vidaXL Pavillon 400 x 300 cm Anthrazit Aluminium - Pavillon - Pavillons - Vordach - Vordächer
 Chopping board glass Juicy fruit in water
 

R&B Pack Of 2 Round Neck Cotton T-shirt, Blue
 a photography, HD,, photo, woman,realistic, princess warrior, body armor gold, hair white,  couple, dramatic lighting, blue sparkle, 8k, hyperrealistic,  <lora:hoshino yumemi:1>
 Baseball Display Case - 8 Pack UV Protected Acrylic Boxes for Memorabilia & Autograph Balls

· · ·

== Problem ==
Would you reproduce the whole listing above, word for word?

== Task response ==
vidaXL Pavillon 400 x 300 cm Anthrazit Aluminium - Pavillon - Pavillons - Vordach - Vordächer
 Chopping board glass Juicy fruit in water
 

R&B Pack Of 2 Round Neck Cotton T-shirt, Blue
 a photography, HD,, photo, woman,realistic, princess warrior, body armor gold, hair white,  couple, dramatic lighting, blue sparkle, 8k, hyperrealistic,  <lora:hoshino yumemi:1>
 Baseball Display Case - 8 Pack UV Protected Acrylic Boxes for Memorabilia & Autograph Balls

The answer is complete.